BEIRUT: “The future is renewables,” India’s minister of new and renewable energy told the World Economic Forum in Davos on Wednesday.
“In India, I can very confidently say, affordability (of renewables) is better than fossil fuel energy,” Pralhad Venkatesh Joshi said during a panel discussion titled “Unstoppable March of Renewables?”
The cost of solar power has has fallen steeply in recent years compared with fossil fuels, Joshi said, adding: “The unstoppable march of renewables is perfectly right, and the future is renewables.”
Indian authorities have launched a major initiative to install rooftop solar panels on 10 million homes, he said. As a result, people are not only saving money on their electricity bills, “they are also selling (electricity) and earning money.”
He said that this represents a “success story” in India in terms of affordability and “that is what we planned.”

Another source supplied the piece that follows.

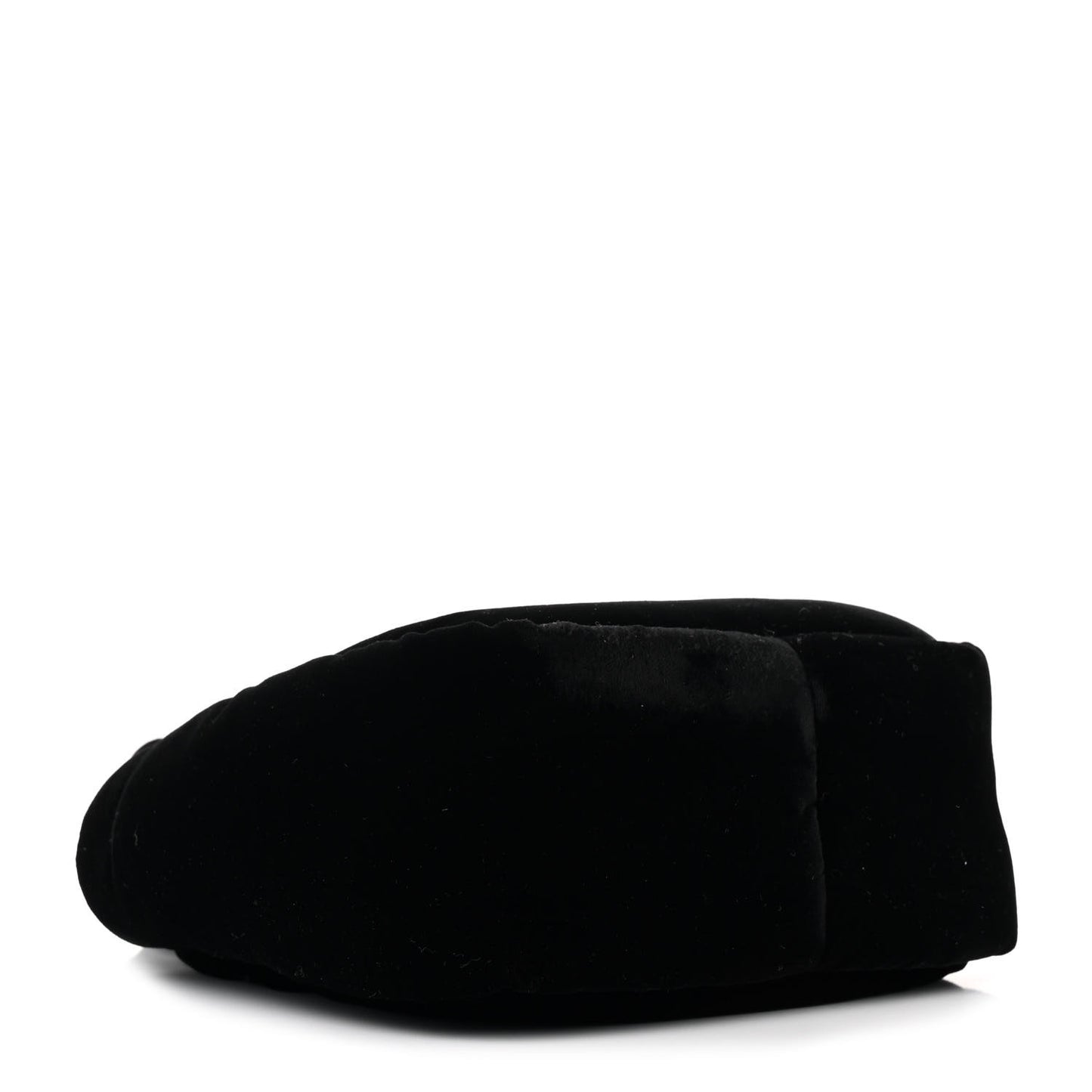 Padded Velvet Mini Bag Black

He acknowledged that more work needs to be done to improve reliability and consistency of supplies, and plans were being made to address this, including improved storage.
The other panelists in the discussion, which was moderated by Godfrey Mutizwa, the chief editor of CNBC Africa, included Marco Arcelli, CEO of ACWA Power; Catherine MacGregor, CEO of electricity company ENGIE Group; and Pan Jian, co-chair of lithium-ion battery manufacturer Contemporary Amperex Technology.
Asked by the moderator whether she believes “renewables are unstoppable,” MacGregor said: “Yes. I think some of the numbers that we are now facing are just proof points in terms of their magnitude.
“In 2024, I think it was 600 gigawatts that were installed across the globe … in Europe, close to 50 percent of the energy was produced from renewables in 2024. That has tripled since 2004.”
Renewables are an increasingly important and prominent part of the energy mix, she added, and the technology is evolving rapidly.
“It’s not small projects; it’s the magnitude of projects that strikes me the most, the scale-up that we are able to deliver,” MacGregor said.
“We are just starting construction in the UAE, for example. In terms of solar size it’s 1.5 gigawatts, just pure solar technology. So when I see in the Middle East a round-the-clock project with just solar and battery, it’s coming within reach.
“The technology advance, the cost, the competitiveness, the size, the R&D, the technology behind it and the pace is very impressive, which makes me, indeed, really say (renewables) is real. It plays a key role in, obviously, the energy demand that we see growing in most of the countries.
“You know, we talk a lot about energy transition, but for a lot of regions now it is more about energy additions. And renewables are indeed the fastest to come to market, and also in terms of scale are really impressive.”
Mutizwa asked Pan: “Are we there yet, in terms of beginning to declare mission accomplished? Are renewables here to stay?”
“I think we are on the road but (its is) very promising,” Pan replied. There is “great potential for future growth,” he added, and “the technology is ready, despite the fact that there are still a lot of challenges to overcome … it is all engineering questions. And from our perspective, we have been putting in a lot of resources and we are confident all these engineering challenges will be tackled along the way.”
Responding to the same question, Arcelli said: “Yes, I think we are beyond there on power, but on other sectors we are way behind … I would argue today that the technology you install by default is renewables.
“Is it a universal truth nowadays that renewables are the cheapest?” asked Mutizwa.
“It’s the cheapest everywhere,” Arcelli said.